## Task instructions:
Copy out exactly, from the entries that follow, the line holding "Pothys Mustard &", the line holding "Premium Homey Kitchen", and all lines between them, but no pictures.

## Input records:
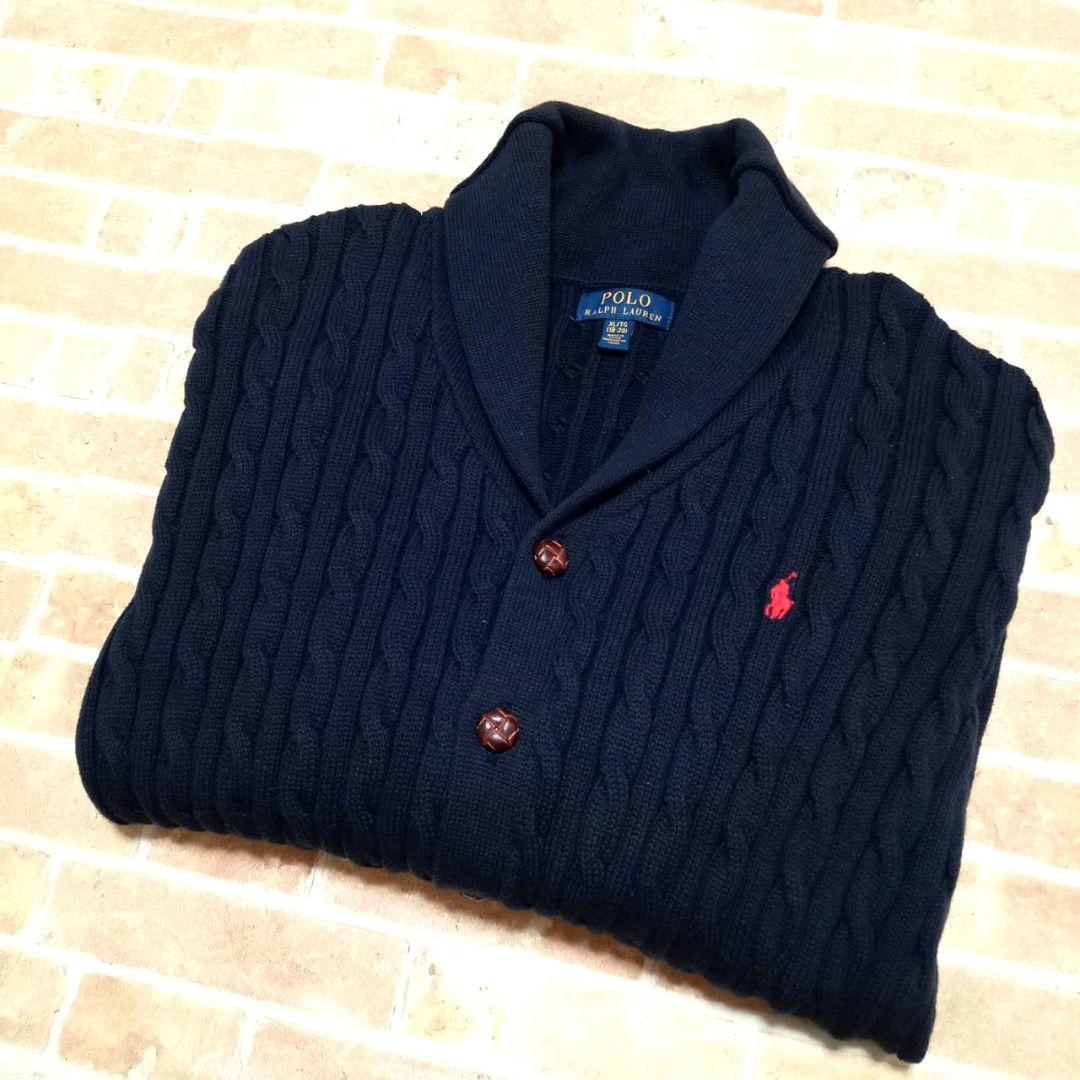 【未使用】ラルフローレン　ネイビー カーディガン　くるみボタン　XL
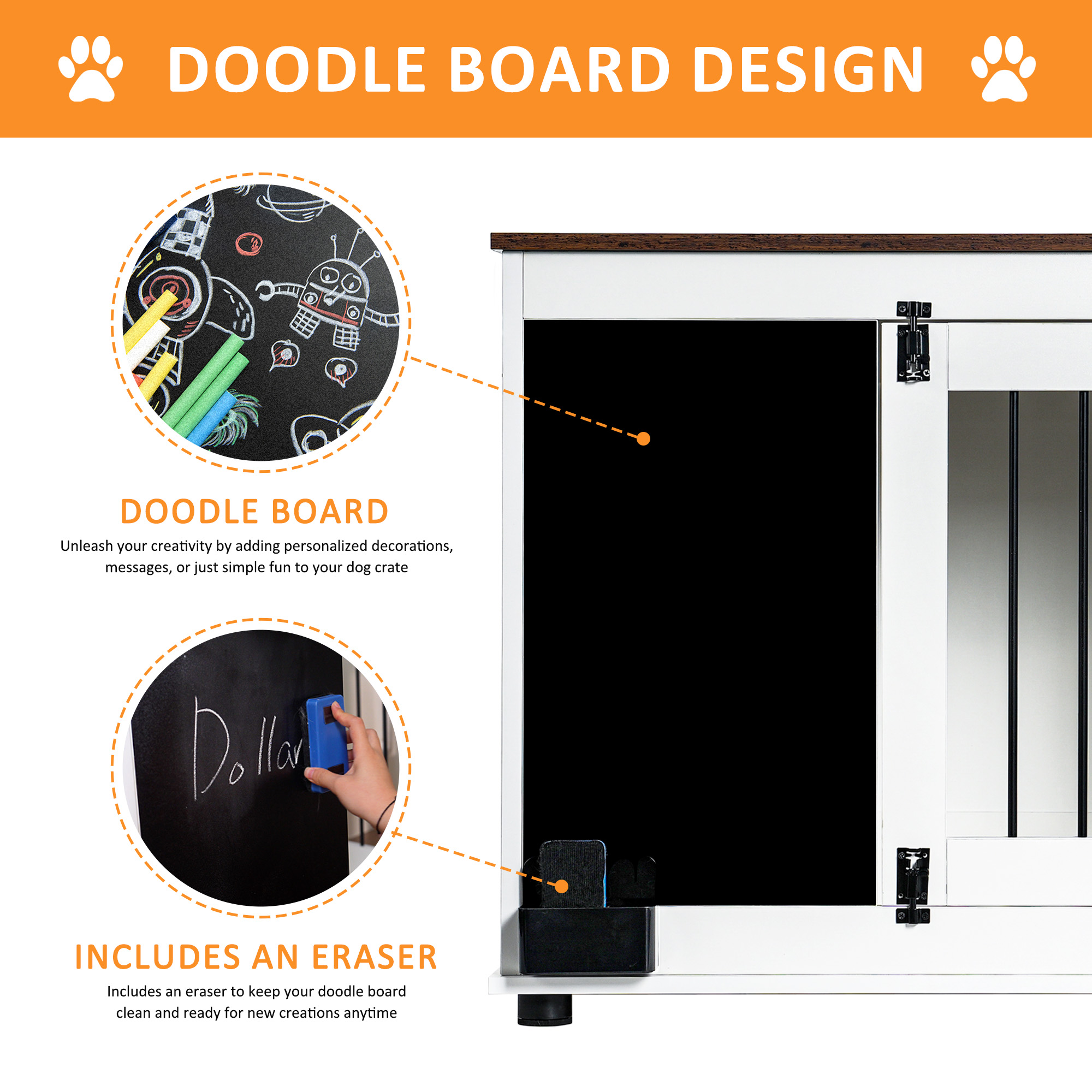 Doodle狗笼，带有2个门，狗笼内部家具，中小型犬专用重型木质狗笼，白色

---

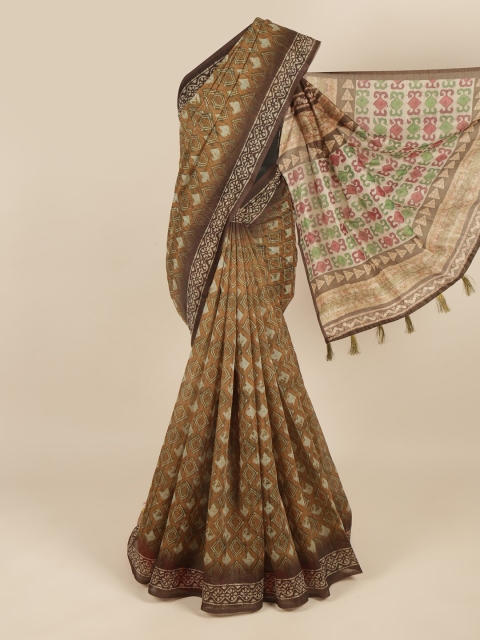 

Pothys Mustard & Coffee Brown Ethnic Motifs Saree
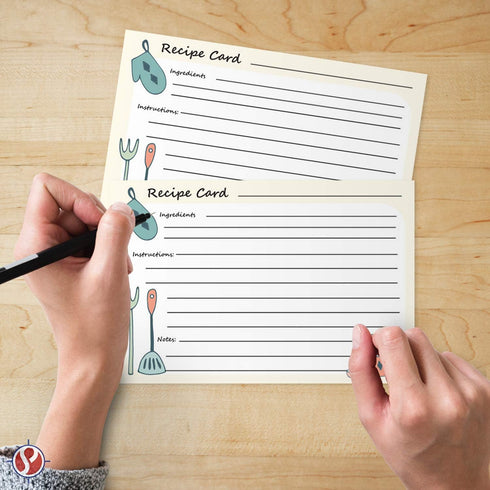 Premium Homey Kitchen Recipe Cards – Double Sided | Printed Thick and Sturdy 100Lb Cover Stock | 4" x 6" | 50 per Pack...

## Response area:
Pothys Mustard & Coffee Brown Ethnic Motifs Saree
 Premium Homey Kitchen Recipe Cards – Double Sided | Printed Thick and Sturdy 100Lb Cover Stock | 4" x 6" | 50 per Pack...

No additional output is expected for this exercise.